With a 9.5% jobless rate and 15 million Americans looking for work, a surprising number of employers are having difficulty filling positions in advanced manufacturing.
Lumina Foundation for Education is an Indianapolis-based private foundation dedicated to expanding access to and success in education beyond high school. The Foundation supports projects nationwide that help increase the proportion of Americans with college degrees and the necessary credentials to enter the workforce. With better access to industry-recognized, nationally portable credentials, students and workers can receive the quality education and training needed to respond to the demands of local manufacturers, who depend on talent-driven innovation for survival and growth in the competitive global marketplace.
“We need to engage more young people and unemployed workers in learning skills that translate to high-quality jobs in our economy,” said Manufacturing Institute President Emily DeRocco. “By deploying the Manufacturing Skills Certification System as stackable credentials in Indiana colleges, we will be offering new pathways to employment and advancement in manufacturing, which is a mainstay of the state’s economy.”

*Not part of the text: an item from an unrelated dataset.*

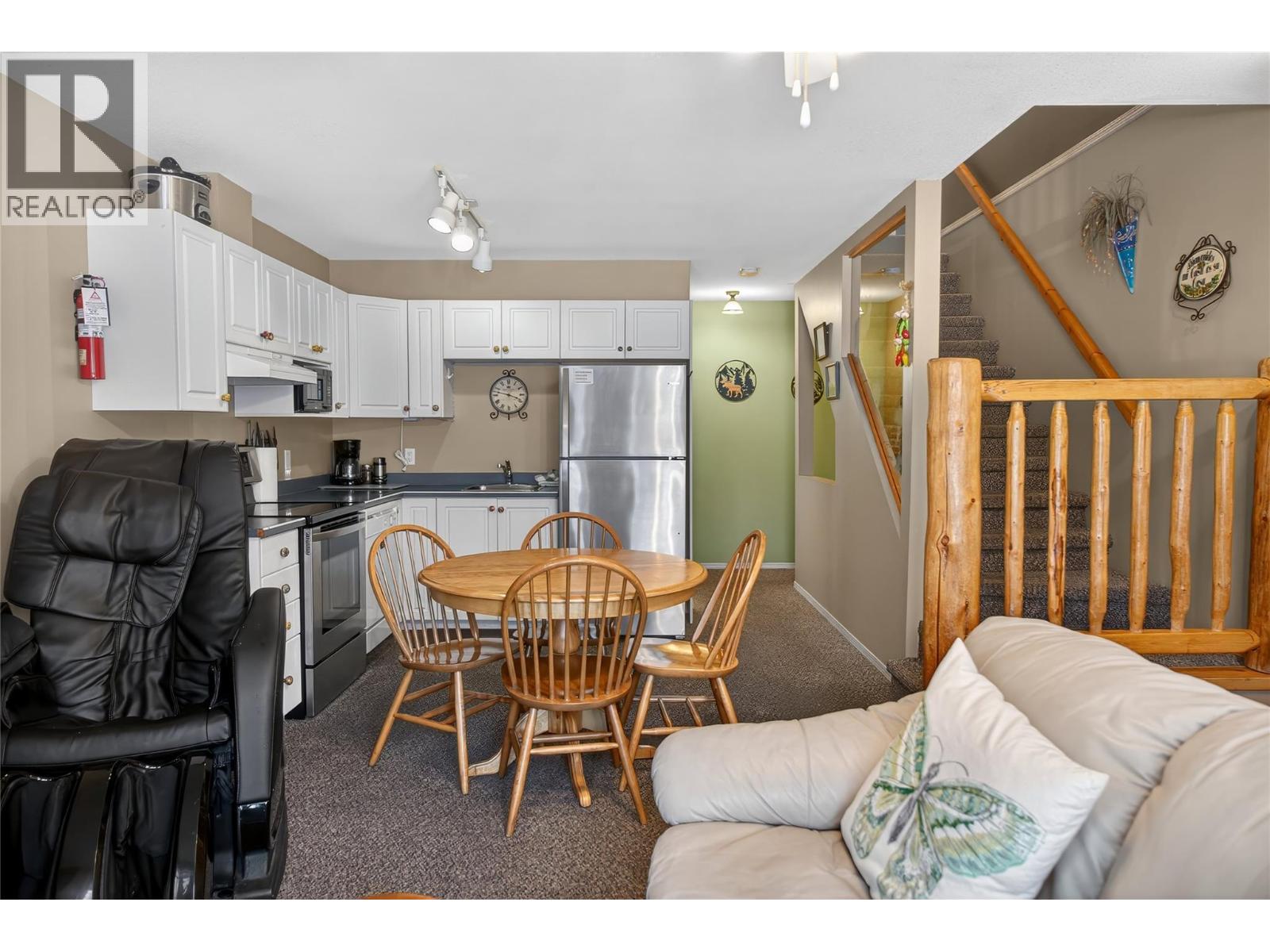 #438 400 Riverside Way - 13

“Integrating these industry skills certifications in our programs of study dramatically improves how we prepare individuals for manufacturing jobs,” said Tom Snyder, president of Ivy Tech Community College. “We will enhance and accelerate our delivery of a manufacturing workforce for Indiana, equipped with advanced, 21st century skills.”
Support from Lumina Foundation positions Indiana as the fifth state receiving private, independent funding to establish the Manufacturing Skills Certification System as the statewide standard for manufacturing education. Forsyth Technical Community College in North Carolina, Lorain County Community College in Ohio, Alamo Colleges in Texas and Shoreline Community College in Washington have set a national precedent for deploying the System.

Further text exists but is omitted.